(Data to examine Opens)

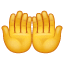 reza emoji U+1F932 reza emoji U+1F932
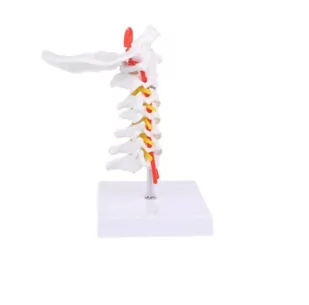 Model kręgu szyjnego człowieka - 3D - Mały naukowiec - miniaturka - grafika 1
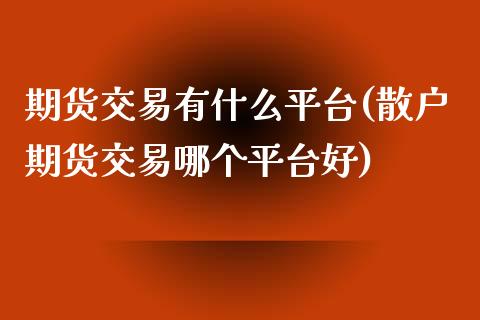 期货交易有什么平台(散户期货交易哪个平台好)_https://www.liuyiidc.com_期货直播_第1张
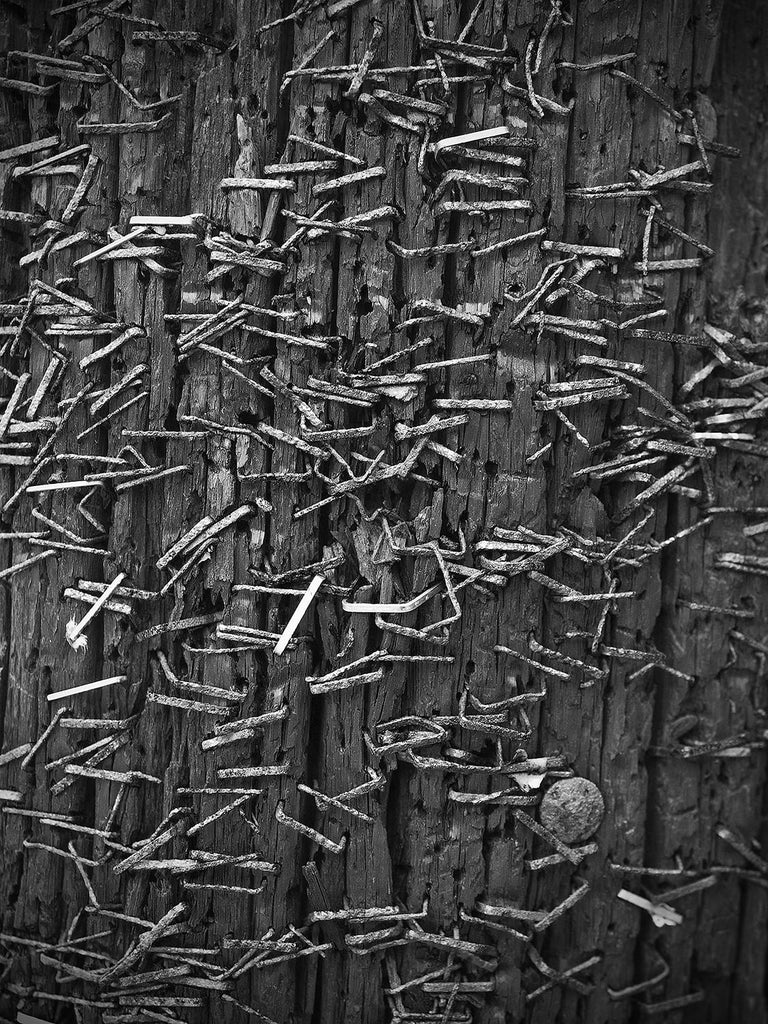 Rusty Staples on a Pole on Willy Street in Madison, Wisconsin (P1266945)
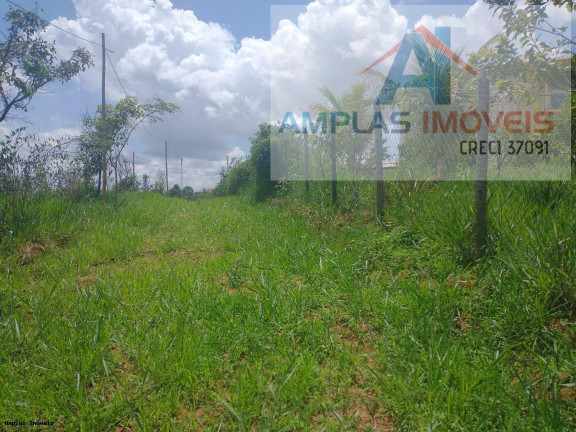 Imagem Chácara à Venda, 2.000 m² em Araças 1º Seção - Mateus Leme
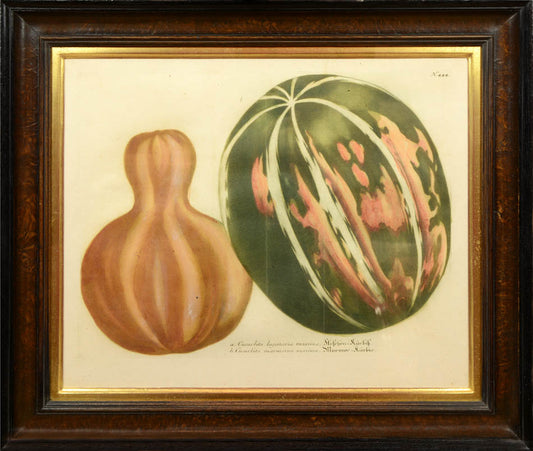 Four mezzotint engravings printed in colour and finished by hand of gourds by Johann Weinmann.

(Data to examine Closes)

**Task details:**
What you give back should be exactly the lines from the top of the data above down to and including the line with "Imagem Chácara à", minus any pictures.

**Solution:**
 reza emoji U+1F932 reza emoji U+1F932
 Model kręgu szyjnego człowieka - 3D - Mały naukowiec - miniaturka - grafika 1
 期货交易有什么平台(散户期货交易哪个平台好)_https://www.liuyiidc.com_期货直播_第1张
 Rusty Staples on a Pole on Willy Street in Madison, Wisconsin (P1266945)
 Imagem Chácara à Venda, 2.000 m² em Araças 1º Seção - Mateus Leme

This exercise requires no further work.